[WORK ITEM]
Give the lines below again exactly, starting with the line that holds "Pantheon Priority Entry" and going on through the line that holds "2022 Toyota Corolla Hybrid LE".

[EXTRACTED ENTRIES]
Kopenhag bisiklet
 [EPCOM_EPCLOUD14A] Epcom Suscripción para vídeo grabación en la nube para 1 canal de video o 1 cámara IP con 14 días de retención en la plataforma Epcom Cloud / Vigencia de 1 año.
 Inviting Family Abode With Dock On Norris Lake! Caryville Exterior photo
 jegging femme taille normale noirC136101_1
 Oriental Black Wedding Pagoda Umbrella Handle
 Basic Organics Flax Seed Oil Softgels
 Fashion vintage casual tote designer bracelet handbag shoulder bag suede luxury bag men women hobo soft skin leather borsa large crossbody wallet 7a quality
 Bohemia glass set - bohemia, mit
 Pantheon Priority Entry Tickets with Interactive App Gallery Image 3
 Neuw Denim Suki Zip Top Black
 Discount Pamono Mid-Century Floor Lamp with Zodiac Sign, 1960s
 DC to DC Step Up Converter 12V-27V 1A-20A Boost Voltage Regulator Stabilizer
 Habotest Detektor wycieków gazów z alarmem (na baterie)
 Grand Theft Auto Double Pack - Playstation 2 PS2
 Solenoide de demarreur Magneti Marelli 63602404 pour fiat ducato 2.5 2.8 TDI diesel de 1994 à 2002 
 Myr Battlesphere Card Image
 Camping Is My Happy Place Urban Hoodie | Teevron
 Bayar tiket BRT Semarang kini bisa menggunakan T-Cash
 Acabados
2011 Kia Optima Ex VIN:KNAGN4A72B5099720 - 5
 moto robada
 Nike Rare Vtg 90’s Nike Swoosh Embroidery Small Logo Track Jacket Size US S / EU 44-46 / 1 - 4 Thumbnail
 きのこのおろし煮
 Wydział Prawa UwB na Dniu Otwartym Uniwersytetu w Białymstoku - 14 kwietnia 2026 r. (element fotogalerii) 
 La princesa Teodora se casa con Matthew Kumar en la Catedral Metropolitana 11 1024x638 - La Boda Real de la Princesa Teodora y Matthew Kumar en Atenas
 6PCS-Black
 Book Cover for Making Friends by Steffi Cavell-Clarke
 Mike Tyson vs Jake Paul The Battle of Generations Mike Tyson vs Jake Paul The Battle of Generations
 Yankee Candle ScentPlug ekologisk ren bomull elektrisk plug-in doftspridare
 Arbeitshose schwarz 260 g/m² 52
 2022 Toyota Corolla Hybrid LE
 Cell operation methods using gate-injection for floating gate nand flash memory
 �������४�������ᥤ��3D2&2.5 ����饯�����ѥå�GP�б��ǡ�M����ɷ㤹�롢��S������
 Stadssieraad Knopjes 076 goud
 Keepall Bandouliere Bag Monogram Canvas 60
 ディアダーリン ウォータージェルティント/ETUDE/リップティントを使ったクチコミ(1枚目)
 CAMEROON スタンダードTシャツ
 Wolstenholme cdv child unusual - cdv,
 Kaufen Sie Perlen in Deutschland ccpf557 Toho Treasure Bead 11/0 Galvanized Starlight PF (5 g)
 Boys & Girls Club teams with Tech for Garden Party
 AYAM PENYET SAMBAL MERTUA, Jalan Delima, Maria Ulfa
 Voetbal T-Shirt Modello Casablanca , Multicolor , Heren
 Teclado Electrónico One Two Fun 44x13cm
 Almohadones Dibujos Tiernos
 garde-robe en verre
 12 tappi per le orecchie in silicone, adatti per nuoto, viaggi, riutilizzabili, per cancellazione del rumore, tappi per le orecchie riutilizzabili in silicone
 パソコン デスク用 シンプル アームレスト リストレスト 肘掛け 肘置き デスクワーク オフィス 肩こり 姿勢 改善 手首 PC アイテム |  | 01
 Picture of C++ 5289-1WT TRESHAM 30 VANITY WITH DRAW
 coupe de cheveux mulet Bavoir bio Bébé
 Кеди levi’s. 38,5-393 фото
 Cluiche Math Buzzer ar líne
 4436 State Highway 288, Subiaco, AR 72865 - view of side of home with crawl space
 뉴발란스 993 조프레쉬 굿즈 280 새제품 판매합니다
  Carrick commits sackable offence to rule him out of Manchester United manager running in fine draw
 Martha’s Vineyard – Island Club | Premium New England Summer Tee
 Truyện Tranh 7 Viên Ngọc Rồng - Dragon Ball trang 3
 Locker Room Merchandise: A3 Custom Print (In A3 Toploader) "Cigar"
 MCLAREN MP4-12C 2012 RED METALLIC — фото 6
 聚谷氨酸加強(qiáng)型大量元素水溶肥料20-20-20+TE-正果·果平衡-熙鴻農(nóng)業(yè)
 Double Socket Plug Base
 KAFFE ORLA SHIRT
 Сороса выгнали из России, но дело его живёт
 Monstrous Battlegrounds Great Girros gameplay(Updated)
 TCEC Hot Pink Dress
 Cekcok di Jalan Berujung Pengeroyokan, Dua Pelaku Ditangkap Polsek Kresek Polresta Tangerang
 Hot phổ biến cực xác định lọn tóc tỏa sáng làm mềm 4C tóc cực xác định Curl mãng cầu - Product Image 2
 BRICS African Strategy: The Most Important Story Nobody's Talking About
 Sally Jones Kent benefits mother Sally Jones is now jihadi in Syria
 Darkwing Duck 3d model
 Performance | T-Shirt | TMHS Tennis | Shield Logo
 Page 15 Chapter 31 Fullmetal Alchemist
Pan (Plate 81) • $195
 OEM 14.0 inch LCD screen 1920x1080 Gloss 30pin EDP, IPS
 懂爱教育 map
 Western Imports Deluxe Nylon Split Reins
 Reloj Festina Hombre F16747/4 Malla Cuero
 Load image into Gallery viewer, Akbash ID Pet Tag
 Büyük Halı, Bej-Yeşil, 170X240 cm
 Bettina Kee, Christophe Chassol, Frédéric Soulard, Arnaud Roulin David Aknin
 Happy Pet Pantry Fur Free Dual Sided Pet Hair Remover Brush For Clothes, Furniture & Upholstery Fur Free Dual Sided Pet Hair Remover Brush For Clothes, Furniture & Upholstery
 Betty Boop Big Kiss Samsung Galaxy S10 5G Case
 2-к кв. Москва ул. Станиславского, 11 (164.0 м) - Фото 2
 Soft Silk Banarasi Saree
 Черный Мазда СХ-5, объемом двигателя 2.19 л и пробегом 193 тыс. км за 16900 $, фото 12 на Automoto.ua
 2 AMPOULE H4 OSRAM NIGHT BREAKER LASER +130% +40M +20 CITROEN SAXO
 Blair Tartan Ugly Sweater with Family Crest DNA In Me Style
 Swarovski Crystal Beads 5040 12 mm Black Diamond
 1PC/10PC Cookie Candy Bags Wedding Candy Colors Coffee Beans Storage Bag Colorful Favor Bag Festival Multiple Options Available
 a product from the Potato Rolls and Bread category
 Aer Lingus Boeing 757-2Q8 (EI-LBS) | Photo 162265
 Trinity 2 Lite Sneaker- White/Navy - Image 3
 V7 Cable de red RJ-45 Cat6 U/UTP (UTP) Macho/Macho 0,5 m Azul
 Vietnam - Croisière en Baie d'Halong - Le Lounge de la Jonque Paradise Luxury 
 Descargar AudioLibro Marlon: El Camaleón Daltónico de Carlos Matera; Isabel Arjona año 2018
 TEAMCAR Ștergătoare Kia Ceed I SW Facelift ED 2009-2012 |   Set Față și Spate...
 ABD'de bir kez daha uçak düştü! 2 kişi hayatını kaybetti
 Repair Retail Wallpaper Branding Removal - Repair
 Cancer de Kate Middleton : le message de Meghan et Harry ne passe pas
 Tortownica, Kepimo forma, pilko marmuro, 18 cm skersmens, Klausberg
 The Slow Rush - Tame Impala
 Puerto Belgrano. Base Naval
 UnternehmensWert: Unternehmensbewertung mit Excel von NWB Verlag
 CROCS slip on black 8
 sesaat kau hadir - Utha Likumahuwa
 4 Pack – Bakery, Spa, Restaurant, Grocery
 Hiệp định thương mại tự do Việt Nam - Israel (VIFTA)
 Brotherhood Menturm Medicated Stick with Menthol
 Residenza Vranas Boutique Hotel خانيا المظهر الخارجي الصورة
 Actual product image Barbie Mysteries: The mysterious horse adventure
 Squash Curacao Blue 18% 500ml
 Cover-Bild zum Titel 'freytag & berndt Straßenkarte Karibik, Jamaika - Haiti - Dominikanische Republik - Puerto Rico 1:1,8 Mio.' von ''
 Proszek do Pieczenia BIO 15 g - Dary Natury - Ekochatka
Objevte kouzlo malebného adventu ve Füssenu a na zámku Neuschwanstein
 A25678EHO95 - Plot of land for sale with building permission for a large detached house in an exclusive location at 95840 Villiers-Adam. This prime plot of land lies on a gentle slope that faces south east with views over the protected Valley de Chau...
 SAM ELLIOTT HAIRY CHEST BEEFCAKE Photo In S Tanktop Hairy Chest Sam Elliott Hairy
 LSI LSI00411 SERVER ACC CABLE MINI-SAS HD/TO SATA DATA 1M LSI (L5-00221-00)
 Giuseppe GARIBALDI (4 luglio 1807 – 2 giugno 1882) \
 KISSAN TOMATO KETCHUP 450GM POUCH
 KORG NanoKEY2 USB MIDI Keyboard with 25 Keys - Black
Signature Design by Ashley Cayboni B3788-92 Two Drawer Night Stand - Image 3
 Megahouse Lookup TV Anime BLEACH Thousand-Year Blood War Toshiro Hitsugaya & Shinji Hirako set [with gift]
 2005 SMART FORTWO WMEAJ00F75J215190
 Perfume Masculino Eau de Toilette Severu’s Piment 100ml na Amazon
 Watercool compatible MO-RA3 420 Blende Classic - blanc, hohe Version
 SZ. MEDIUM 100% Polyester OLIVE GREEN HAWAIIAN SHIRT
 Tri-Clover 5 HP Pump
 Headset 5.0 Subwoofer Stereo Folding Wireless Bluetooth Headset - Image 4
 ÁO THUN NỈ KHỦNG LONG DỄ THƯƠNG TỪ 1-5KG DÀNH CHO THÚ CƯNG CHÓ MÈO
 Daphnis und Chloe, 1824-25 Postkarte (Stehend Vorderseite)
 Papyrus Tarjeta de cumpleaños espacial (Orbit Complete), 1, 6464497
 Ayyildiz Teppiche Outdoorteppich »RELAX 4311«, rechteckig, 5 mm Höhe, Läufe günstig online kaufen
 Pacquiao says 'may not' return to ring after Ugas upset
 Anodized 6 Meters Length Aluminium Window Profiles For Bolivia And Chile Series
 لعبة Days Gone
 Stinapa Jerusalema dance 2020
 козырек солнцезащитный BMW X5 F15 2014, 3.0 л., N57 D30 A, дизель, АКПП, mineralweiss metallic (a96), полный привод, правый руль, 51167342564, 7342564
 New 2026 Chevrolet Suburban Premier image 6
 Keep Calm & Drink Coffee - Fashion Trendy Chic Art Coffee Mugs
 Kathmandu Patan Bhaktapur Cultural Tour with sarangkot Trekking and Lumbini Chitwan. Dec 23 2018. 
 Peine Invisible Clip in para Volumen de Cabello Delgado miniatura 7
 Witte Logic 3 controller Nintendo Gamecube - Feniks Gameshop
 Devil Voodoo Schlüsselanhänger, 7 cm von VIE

[RESPONSE]
 Pantheon Priority Entry Tickets with Interactive App Gallery Image 3
 Neuw Denim Suki Zip Top Black
 Discount Pamono Mid-Century Floor Lamp with Zodiac Sign, 1960s
 DC to DC Step Up Converter 12V-27V 1A-20A Boost Voltage Regulator Stabilizer
 Habotest Detektor wycieków gazów z alarmem (na baterie)
 Grand Theft Auto Double Pack - Playstation 2 PS2
 Solenoide de demarreur Magneti Marelli 63602404 pour fiat ducato 2.5 2.8 TDI diesel de 1994 à 2002 
 Myr Battlesphere Card Image
 Camping Is My Happy Place Urban Hoodie | Teevron
 Bayar tiket BRT Semarang kini bisa menggunakan T-Cash
 Acabados
2011 Kia Optima Ex VIN:KNAGN4A72B5099720 - 5
 moto robada
 Nike Rare Vtg 90’s Nike Swoosh Embroidery Small Logo Track Jacket Size US S / EU 44-46 / 1 - 4 Thumbnail
 きのこのおろし煮
 Wydział Prawa UwB na Dniu Otwartym Uniwersytetu w Białymstoku - 14 kwietnia 2026 r. (element fotogalerii) 
 La princesa Teodora se casa con Matthew Kumar en la Catedral Metropolitana 11 1024x638 - La Boda Real de la Princesa Teodora y Matthew Kumar en Atenas
 6PCS-Black
 Book Cover for Making Friends by Steffi Cavell-Clarke
 Mike Tyson vs Jake Paul The Battle of Generations Mike Tyson vs Jake Paul The Battle of Generations
 Yankee Candle ScentPlug ekologisk ren bomull elektrisk plug-in doftspridare
 Arbeitshose schwarz 260 g/m² 52
 2022 Toyota Corolla Hybrid LE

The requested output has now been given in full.